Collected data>

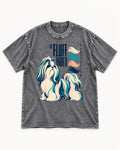 Shih Tzu The Fluff Index Coat Color Chart Graphic Washed Tee in Gray, flat lay product photo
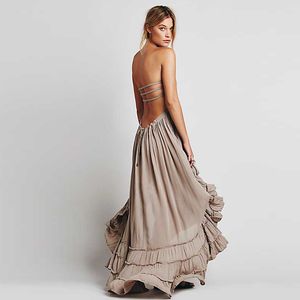 Летнее сексуальное бандажное платье с открытой спиной и запахом на груди, пляжное платье в стиле бохо, женское элегантное богемное платье, повседневное вечерние макси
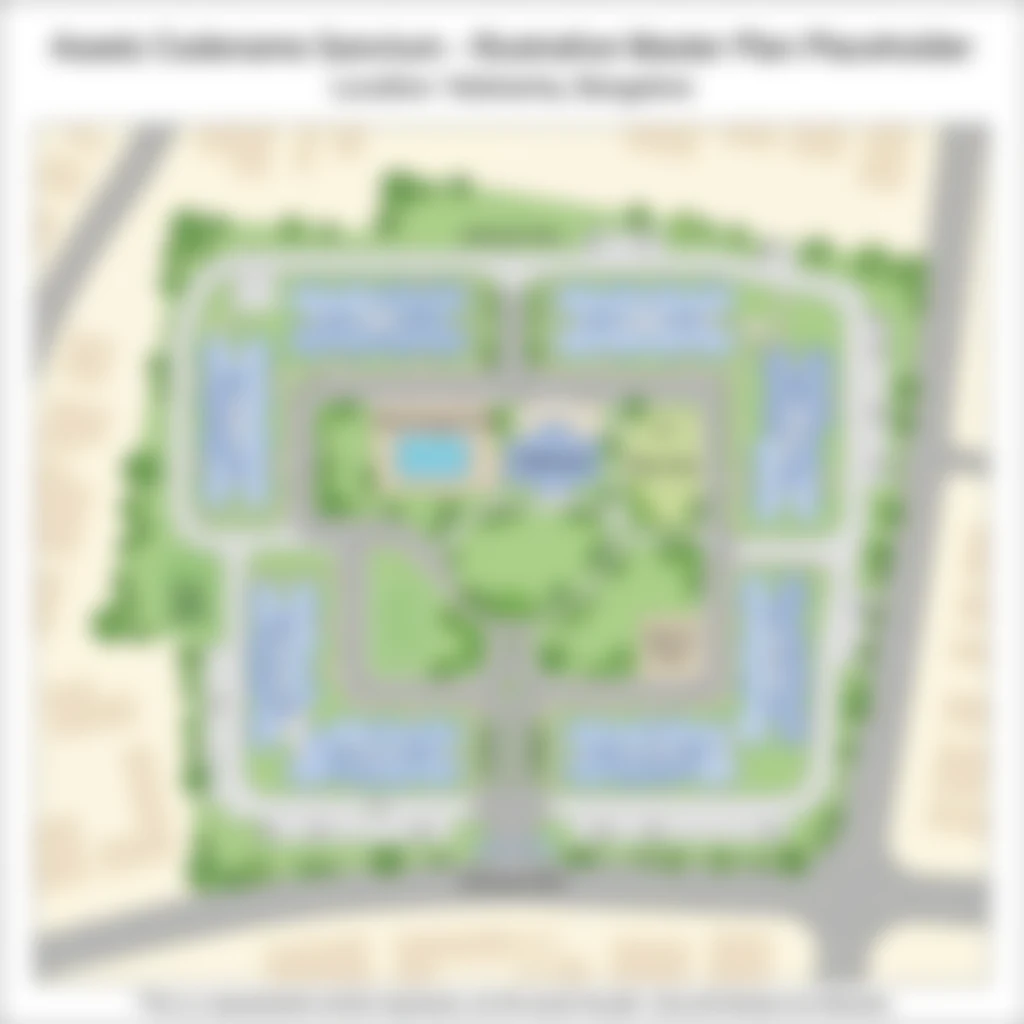 Master plan of Assetz Miru & Miyo showing towers, clubhouse, pool, and landscaped areas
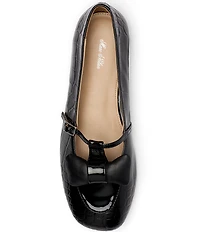 Marc Nolan Women's Mina Black Croc Leather Mary Jane Flats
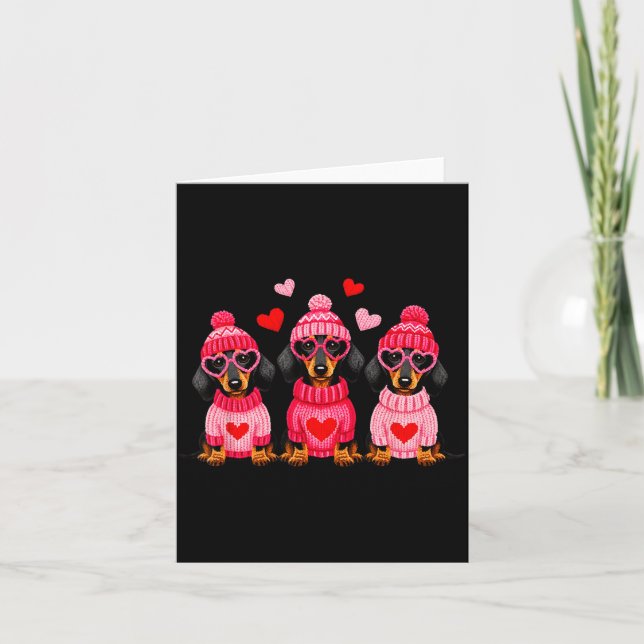 Tarjeta Valentine’s Day Dog Cute Dachshund Dogs For Dog Mo (Anverso)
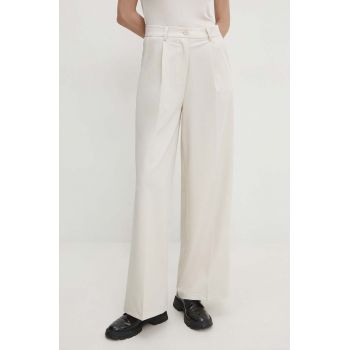 Answear Lab pantaloni femei, culoarea bej, drept, high waist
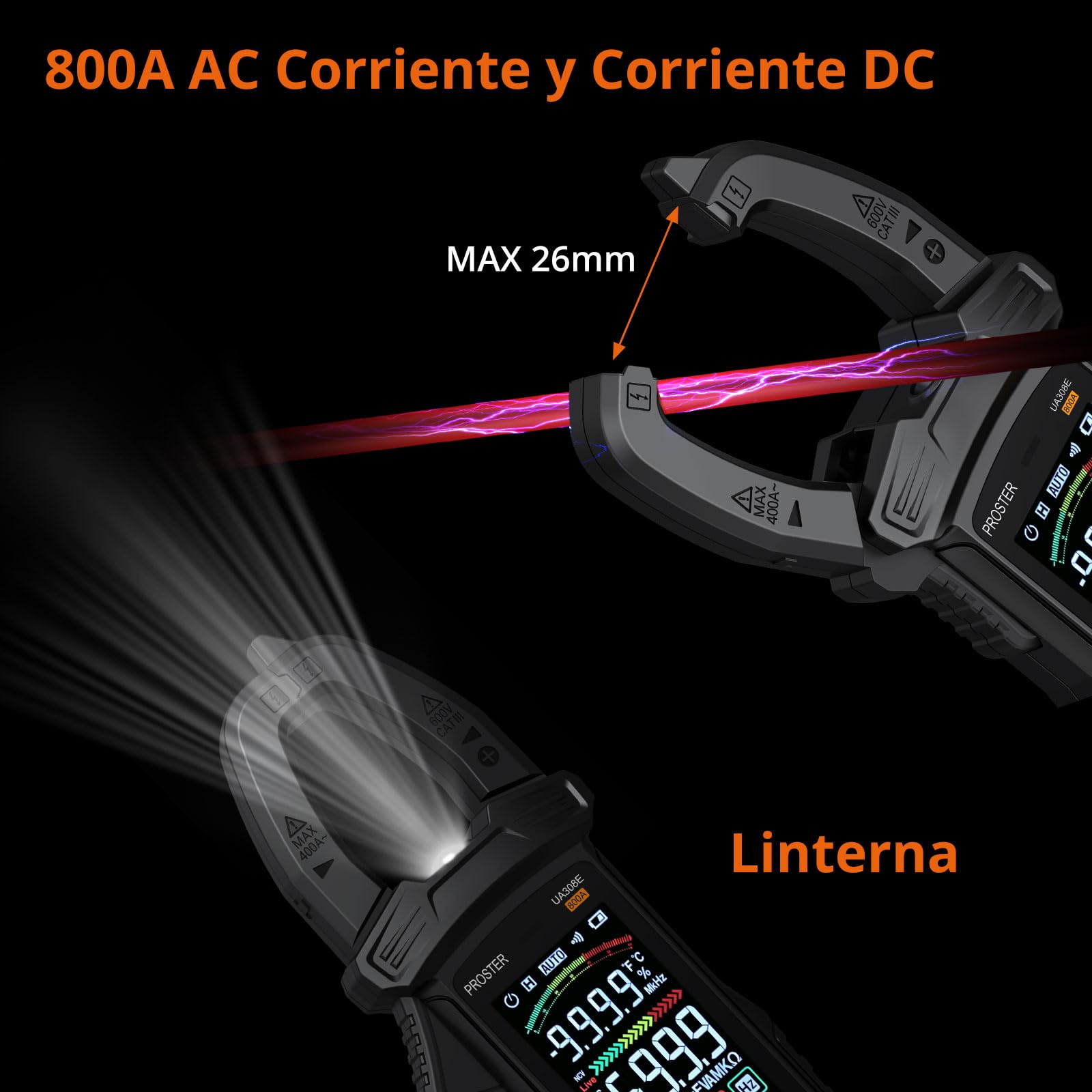 Proster Pinza Amperimétrica TRMS 6000 Cuentas - Medición de Corriente AC/DC 800A, Voltaje 600V, NCV, Resistencia, Diodo y Temperatura con Pantalla Grande y Bolsa de Almacenamiento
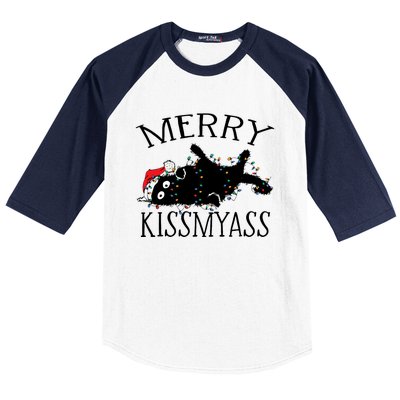 Merry Kissmyass Funny Christmas Cat Tangled In Lights Baseball Sleeve Shirt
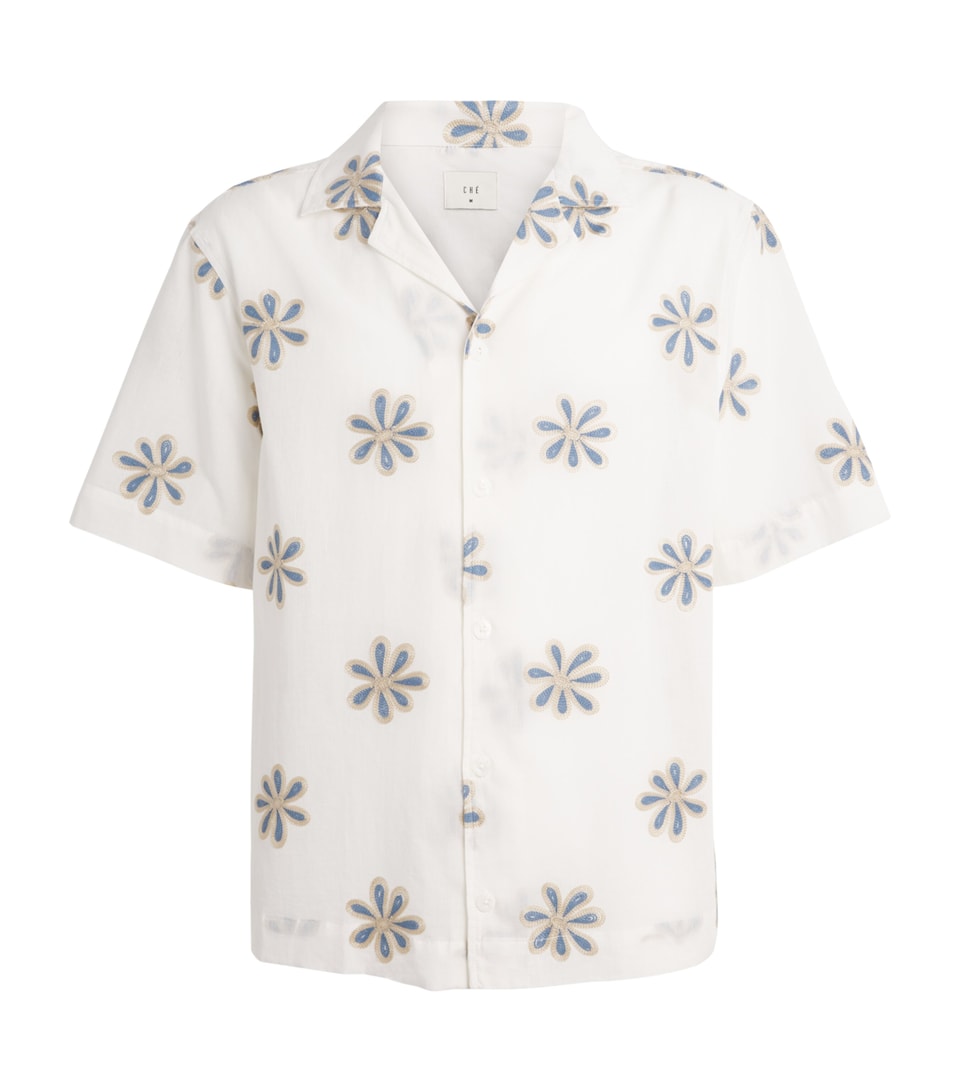 CHÉ Mens Cotton Embroidered Daisel Shirt White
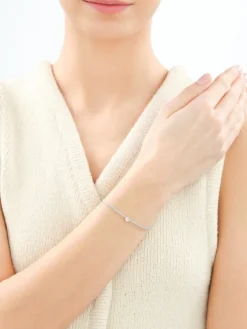 Bransoletka z cyrkoniami i elementami z żółtego złota - serce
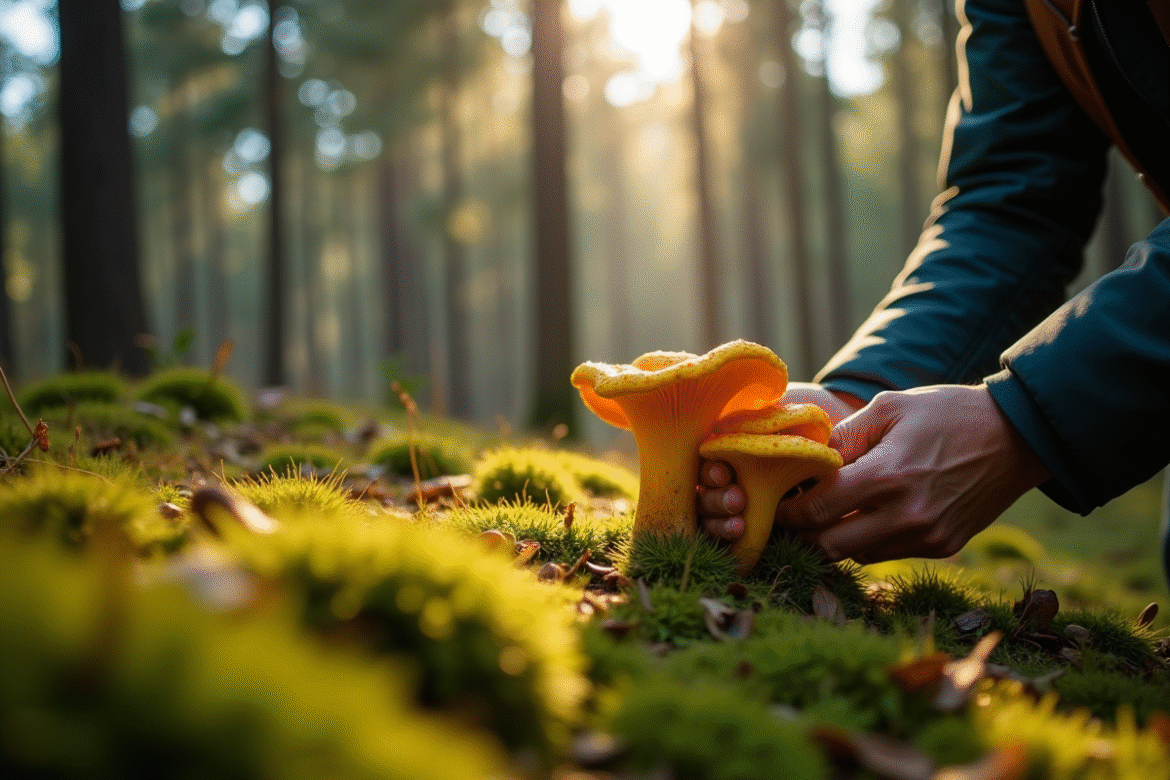 Personne cueillant des girolles dans une forêt ensoleillée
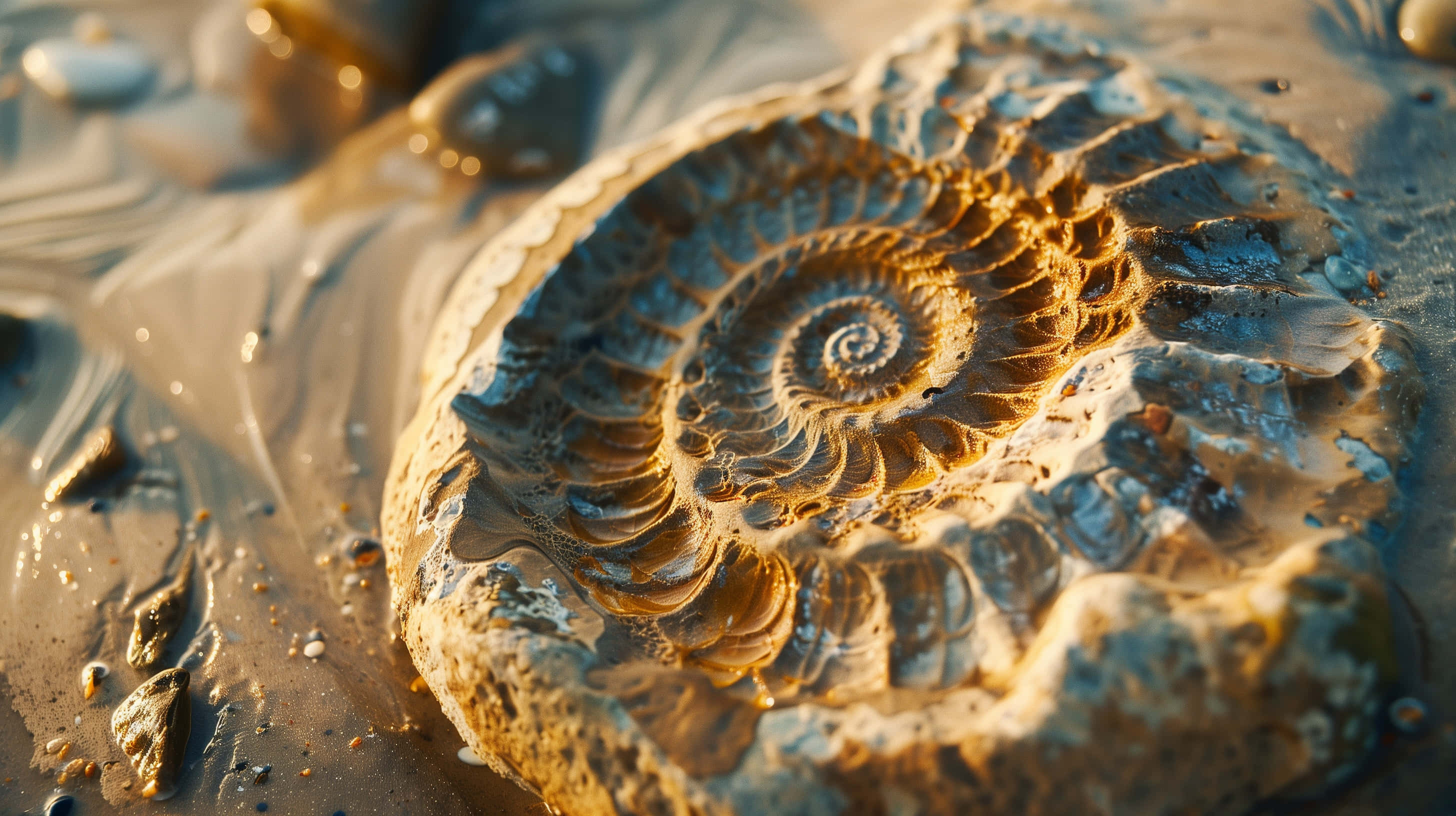 ammonite fossil, spiral ammonite fossil, wet sand, 2K Desktop Wallpaper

TASK TO COMPLETE> Working down from the line with "Merry Kissmyass Funny", copy each line exactly until the last line of the entries, which is also included. Omit the pictures.

PROBLEM SOLUTION>
 Merry Kissmyass Funny Christmas Cat Tangled In Lights Baseball Sleeve Shirt
 CHÉ Mens Cotton Embroidered Daisel Shirt White
 Bransoletka z cyrkoniami i elementami z żółtego złota - serce
 Personne cueillant des girolles dans une forêt ensoleillée
 ammonite fossil, spiral ammonite fossil, wet sand, 2K Desktop Wallpaper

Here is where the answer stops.